The Edmonton Valley Zoo (sometimes known simply as the Valley Zoo) is a zoo located in Edmonton, Alberta's river valley. The Edmonton Valley Zoo is owned and operated by the City of Edmonton and is open 364 days a year, closing only on Christmas. The zoo is currently accredited by Canada's Accredited Zoos and Aquariums and is one of three accredited zoos in Alberta.

History
The Valley Zoo opened on July 1, 1959, as a replacement for a previous Edmonton Zoo (Borden Park Zoo) which was torn down to expand Northlands Park (now Northlands). The zoo is home to over 350 exotic and native animals and houses over 100 different species. In 2007, the Edmonton Valley Zoo launched the Makira Conservation Fund Initiative in honour of their newly unveiled lemur habitat, named the Makira Outpost after the Makira forest region in Madagascar. In addition to this cause, the zoo also raises funds and awareness for other endangered animals such as red pandas, through the Red Panda Network, and various other conservation efforts. This facility also promotes animal conservation through its participation in the Species Survival Plan, an international effort led by the American Zoo and Aquarium Association which aims to restore endangered animal populations to the wild, for a variety of species. They have raised six red panda cubs since 2007.

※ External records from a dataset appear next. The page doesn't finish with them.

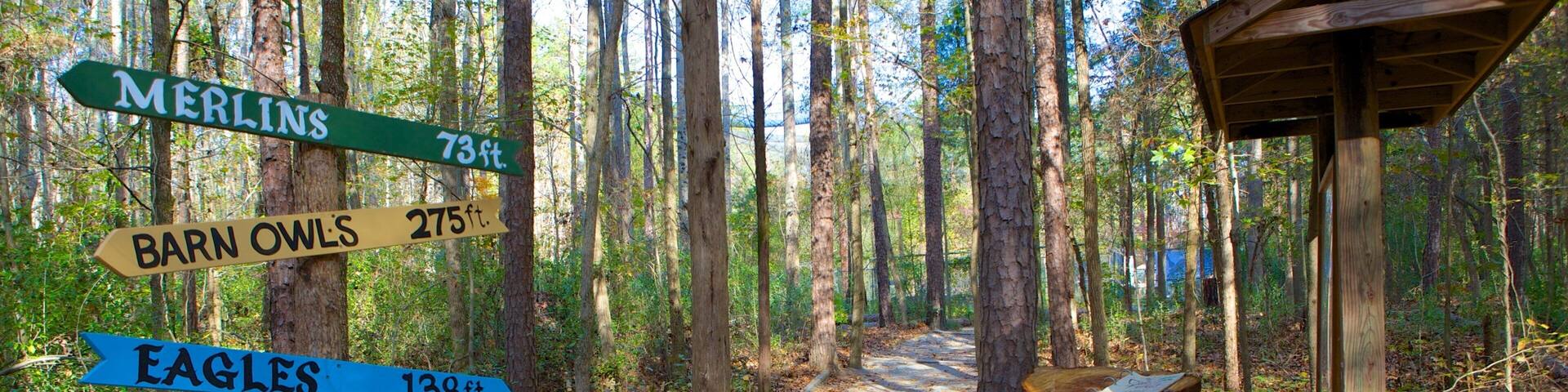 North Carolina showing signage and forest scenes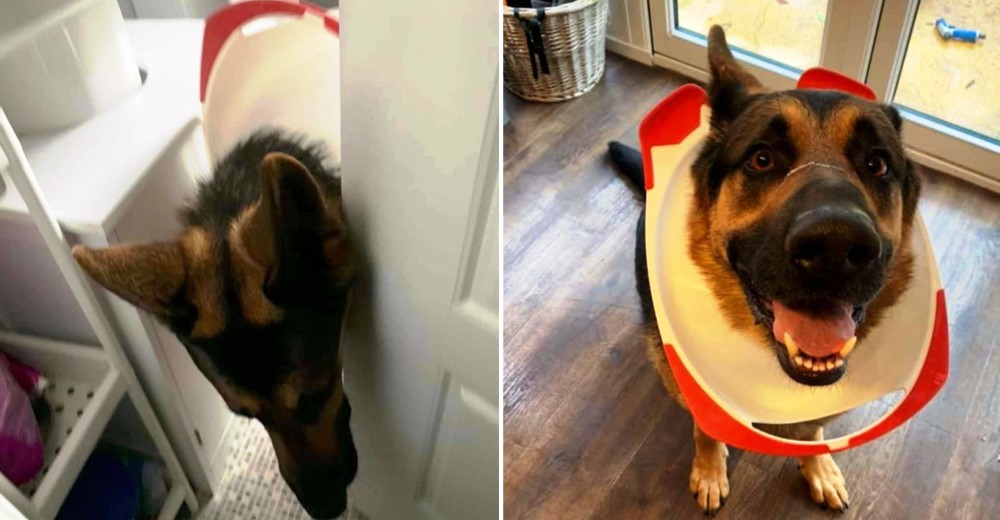 Perro entra sin permiso al baño y pronto descubre por qué no se le permite entrar allí Perro entra sin permiso al baño y pronto descubre por qué no se le permite entrar allí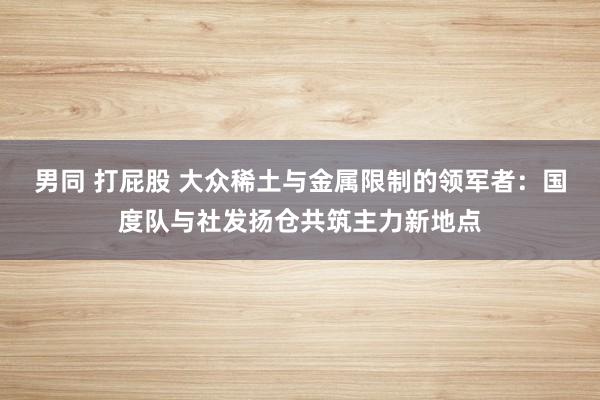 男同 打屁股 大众稀土与金属限制的领军者：国度队与社发扬仓共筑主力新地点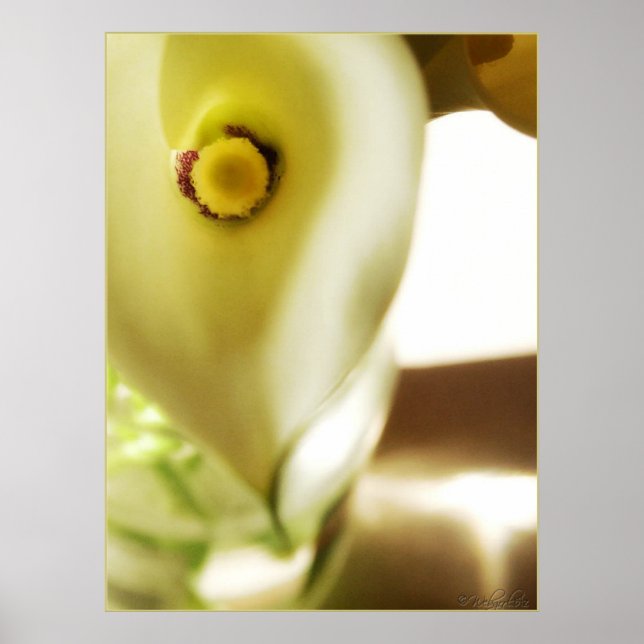 Póster Profundo dentro del Poster (Frente)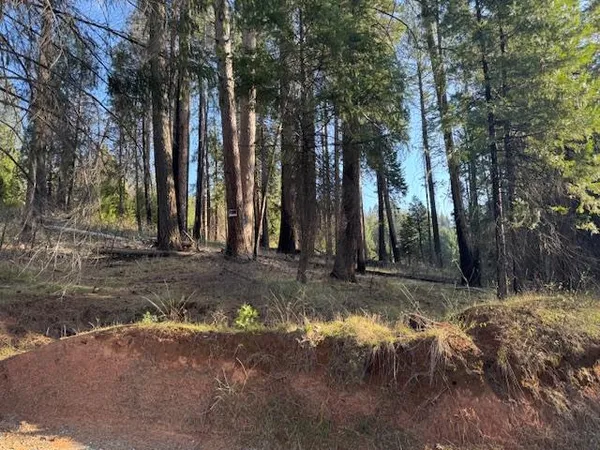 a view of a yard with trees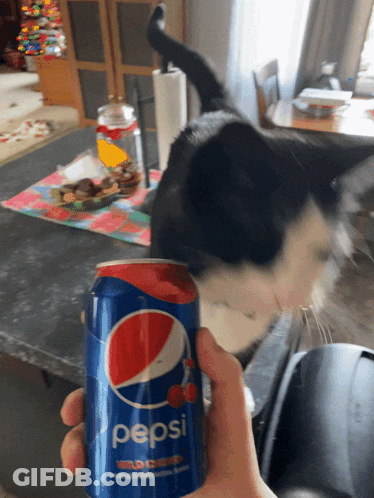 Cat Holding Cherry Pepsi Can GIF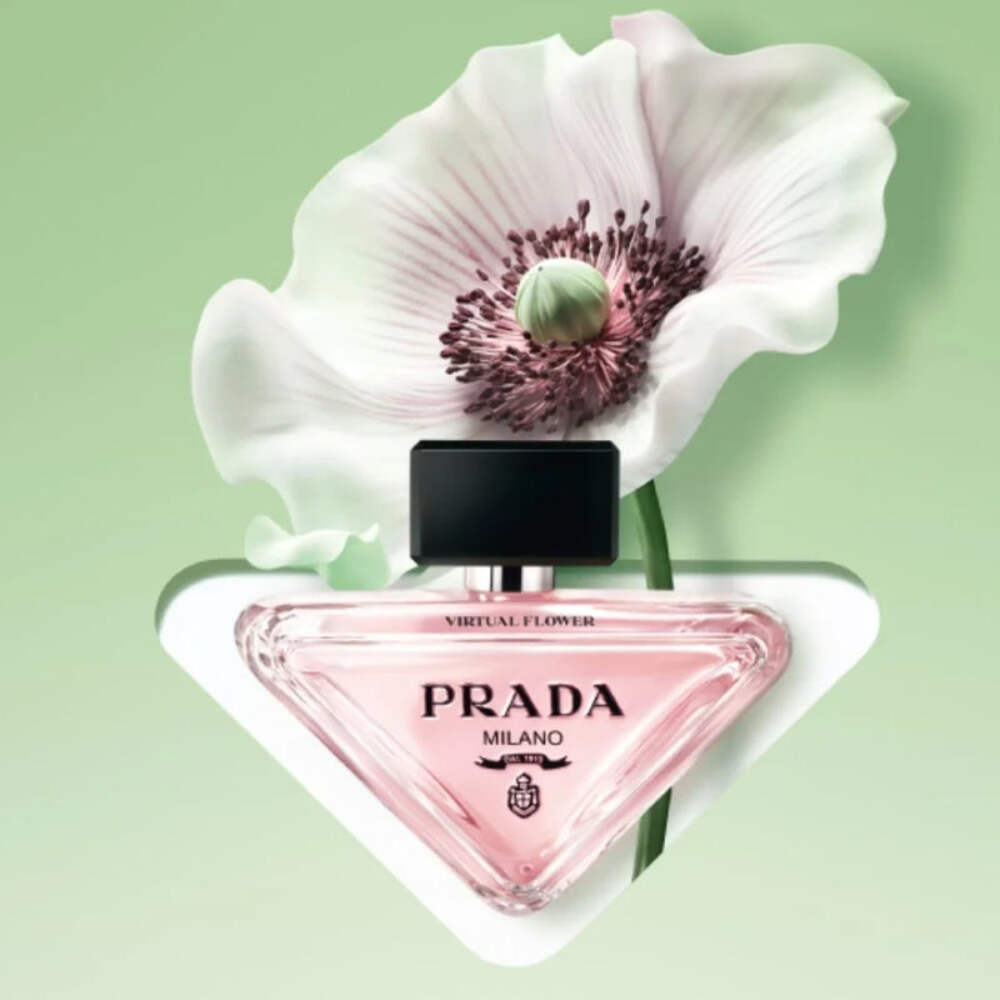 Prada Paradoxe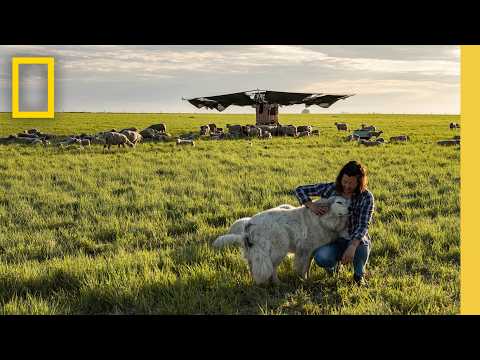 Regeneration in Action | Building Resilient Farms in Iowa | National Geographic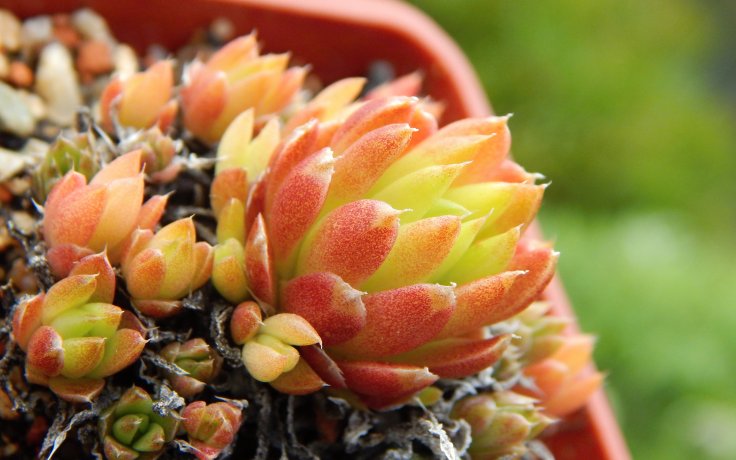 Orostachys japonica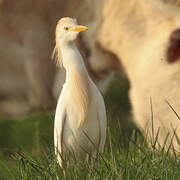 Western Cattle Egret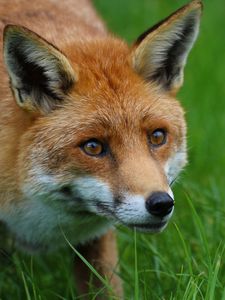 Preview wallpaper fox, predator, animal, orange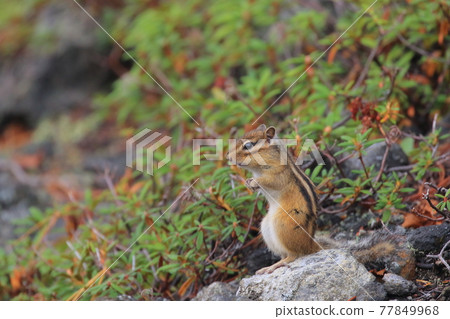 [Hokkaido] Ezo chipmunk of Daisetsuzan 77849968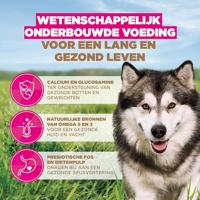 EUKANUBA Grain Free Adult Large Ocean Fish - droog hondenvoer - 12kg - thumbnail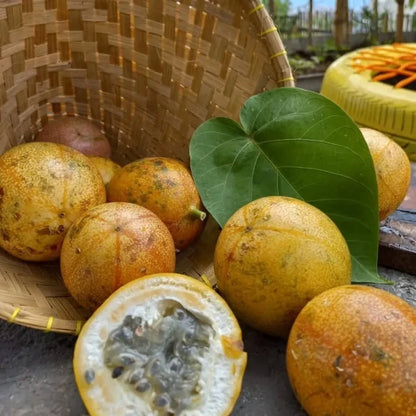 Konyal Passion Fruit Seeds (Passiflora edulis 'Konyal') – Premium Certified Tropical Edible Fruit Vine Seeds for Planting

The Edmonton Valley Zoo's 2005 Master Plan was approved by Edmonton City Council, allocating $50 million in capital funding. With the first project, Arctic Shores  completed, the second phase, The Wander Trail, opened in 2013.

Exhibits

Inner Zoo 
The Inner Zoo is the area of the zoo that was originally the Storyland Valley Zoo. The vast majority of the area was constructed in 1959. Animals that live within this area of the zoo during summer include: emus, laughing kookaburras, keas, black swans, and striped skunks

Makira Outpost 
Makira Outpost is an exhibit which opened in the summer of 2007 and is home to the zoo's lemurs. The exhibit uses many exhibit methods. The lemurs have access to a large outdoor island with two large elm trees for climbing. It also has two outdoor enclosures that have zoomesh (a nearly invisible mesh). The indoor enclosures are huge and benefit from plentiful natural light. The animals housed in Makira outpost include: ring-tailed lemurs, African spurred tortoise and black-and-white ruffed lemurs.

Nature's Wild Backyard 
In 2019 the zoo opened phase one of Nature's Wild Backyard. Phase one includes an immersive exhibit for the zoo's red panda as well as the year-round Urban Farm, home to numerous domestic species. In addition to the animal enclosures the Urban Farm has a restaurant, washrooms, and ice cream stand. Phase II of Nature's Wild Backyard is not completely funded.

Carnivore Alley 
The Carnivore Alley has the majority of the zoo's carnivores, such as red foxes, snow leopards, Amur tigers, Arctic wolves, Canada lynx and serval.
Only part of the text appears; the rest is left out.